== EXERCISE ==
Every entry below is to be copied word for word, with its pictures removed.
************
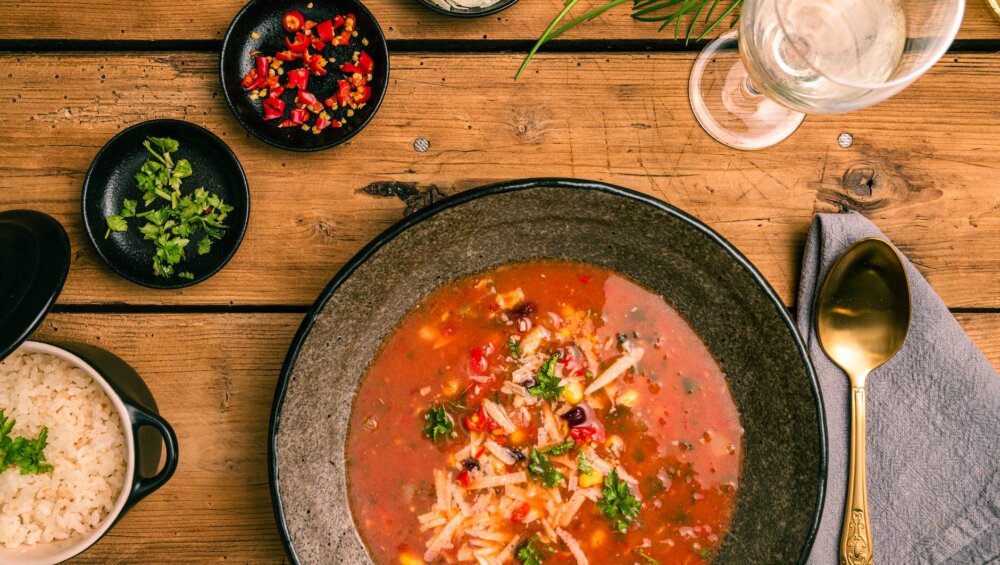black ceramic bowl with soup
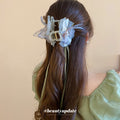 Gray Green Translucent Bow Hair Claw With Pearl Like Center And Ribbon Tails view 3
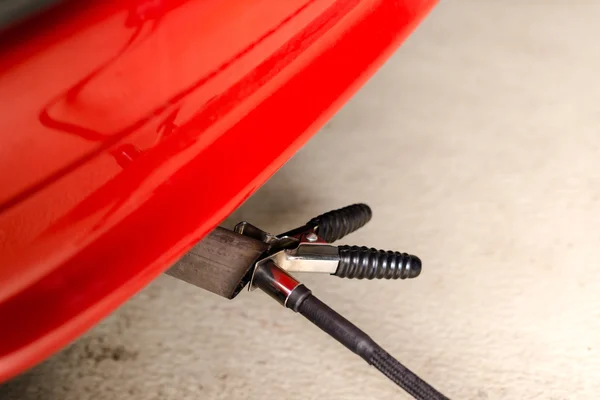 Measuring exhausts of a car in garage — Stock Photo, Image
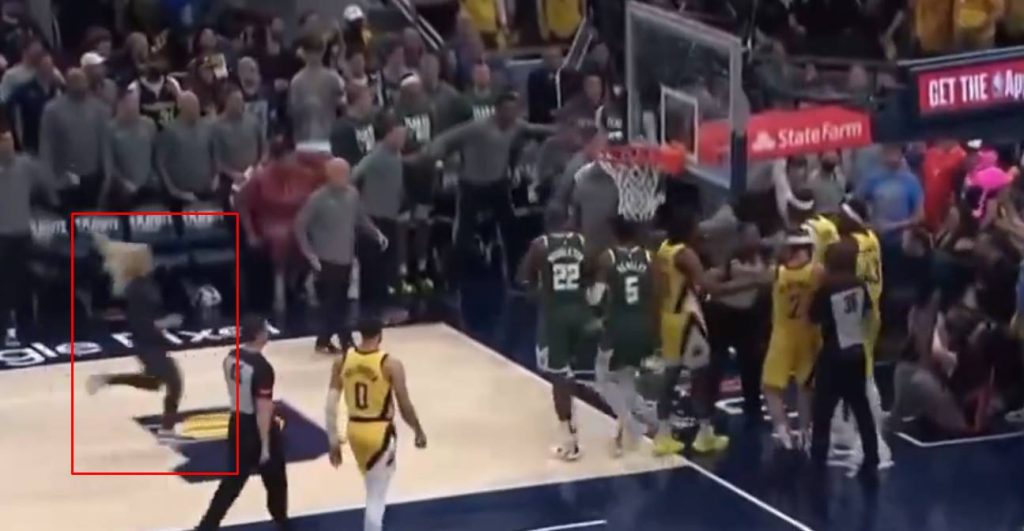Woman running from Pacers bench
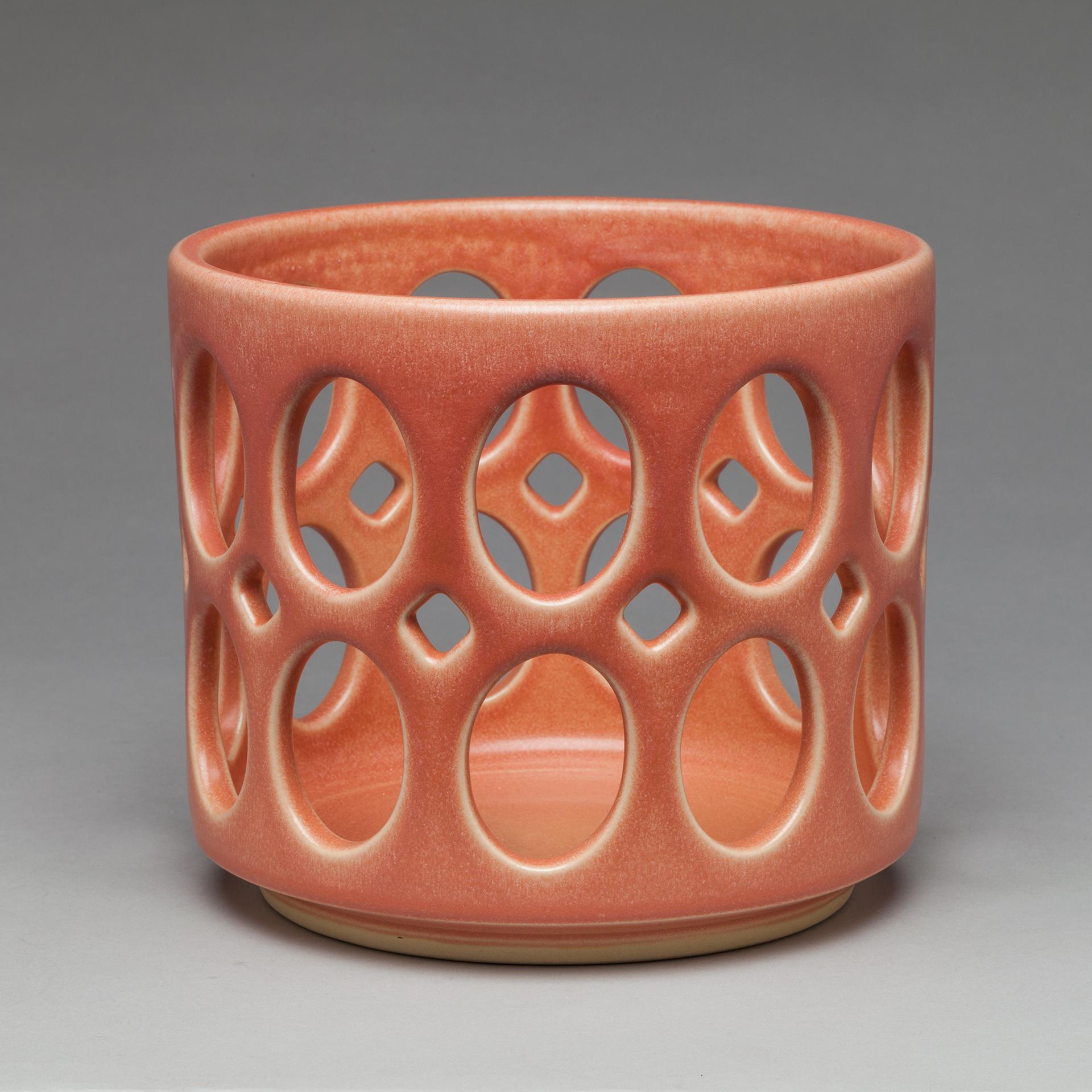 Inspired by Mid-Century Modern design, this bowl is wheel thrown and hand pierced stoneware with a deep pink satin glaze. Small holes are created when the clay is still wet and then each hole is painstakingly enlarged and smoothed when the clay is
************
== EXPECTED OUTPUT ==
black ceramic bowl with soup
 Gray Green Translucent Bow Hair Claw With Pearl Like Center And Ribbon Tails view 3
 Measuring exhausts of a car in garage — Stock Photo, Image
Woman running from Pacers bench
 Inspired by Mid-Century Modern design, this bowl is wheel thrown and hand pierced stoneware with a deep pink satin glaze. Small holes are created when the clay is still wet and then each hole is painstakingly enlarged and smoothed when the clay is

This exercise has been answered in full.